* Re: [RFC PATCH] thermal: Schedule a backup thermal shutdown workqueue after a known period of time to tackle failed poweroff
[not found] <1450676778-7840-1-git-send-email-j-keerthy@ti.com>
@ 2015-12-28 17:41 ` Nishanth Menon
2015-12-29 9:16 ` Keerthy
0 siblings, 1 reply; 6+ messages in thread
From: Nishanth Menon @ 2015-12-28 17:41 UTC (permalink / raw)
To: Keerthy, rui.zhang, edubezval; +Cc: linux-omap, linux-pm@vger.kernel.org
On 12/20/2015 11:46 PM, Keerthy wrote:
+linux-pm.
> In few rare conditions like during boot up the orderly_poweroff
> function might not be able to complete fully leaving the device
> running at dangerously high temperatures. Hence adding a backup
> workqueue to act after a known period of time and poweroff the device.
>
> Suggested-by: Nishanth Menon <nm@ti.com>
> Reported-by: Nishanth Menon <nm@ti.com>
The specific case I hit was a critical temperature event as soon as
the hwmon device was probed (the driver tmp102 was a kernel module).

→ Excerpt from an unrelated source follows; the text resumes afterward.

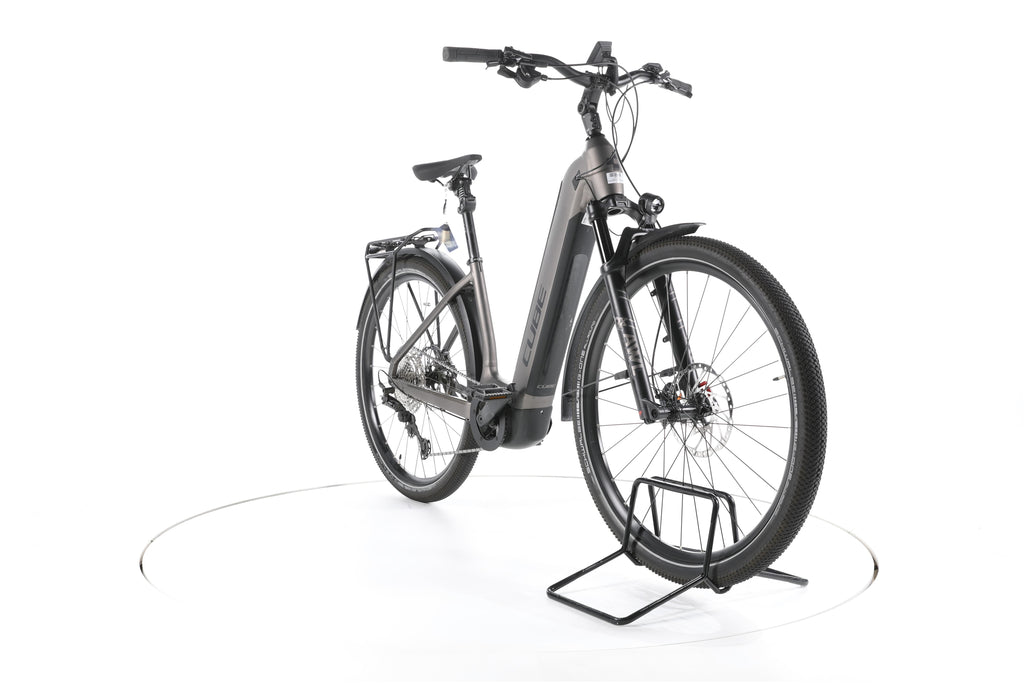 Cube Nuride Hybrid SLT Allroad Trekking E-Bike Tiefeinsteiger - Image 3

> Signed-off-by: Keerthy <j-keerthy@ti.com>
> ---
> drivers/thermal/Kconfig | 9 +++++++++
> drivers/thermal/thermal_core.c | 26 ++++++++++++++++++++++++++
> 2 files changed, 35 insertions(+)
>
> diff --git a/drivers/thermal/Kconfig b/drivers/thermal/Kconfig
> index 8cc4ac6..25584ee 100644
> --- a/drivers/thermal/Kconfig
> +++ b/drivers/thermal/Kconfig
> @@ -92,6 +92,15 @@ config THERMAL_DEFAULT_GOV_POWER_ALLOCATOR
>
> endchoice
>
> +config THERMAL_BKUP_SHUTDOWN_DELAY_MS
> + int "Thermal shutdown backup delay in milli-seconds"
> + depends on THERMAL
> + default "5000"
> + ---help---
> + The number of milliseconds to delay after orderly_poweroff call.
Probably needs a rephrase.
> +
> + Default: 5000 (5 seconds)
> +
> config THERMAL_GOV_FAIR_SHARE
> bool "Fair-share thermal governor"
> help
> diff --git a/drivers/thermal/thermal_core.c b/drivers/thermal/thermal_core.c
> index d9e525c..b793857 100644
> --- a/drivers/thermal/thermal_core.c
> +++ b/drivers/thermal/thermal_core.c
> @@ -61,6 +61,12 @@ static DEFINE_MUTEX(thermal_governor_lock);
>
> static struct thermal_governor *def_governor;
>
> +#ifdef CONFIG_THERMAL_BKUP_SHUTDOWN_DELAY_MS
> +#define BKUP_SHUTDOWN_DELAY CONFIG_THERMAL_BKUP_SHUTDOWN_DELAY_MS
> +#else
> +#define BKUP_SHUTDOWN_DELAY 5000
> +#endif
> +
I am not sure if this #ifdeffery is even needed.
Eduardo, Rui: If this is not the suggested technique, maybe you guys
could suggest how we could handle a case where userspace might be
hungup due to some reason and a case where a critical temperature
event in the middle of device probe was triggered?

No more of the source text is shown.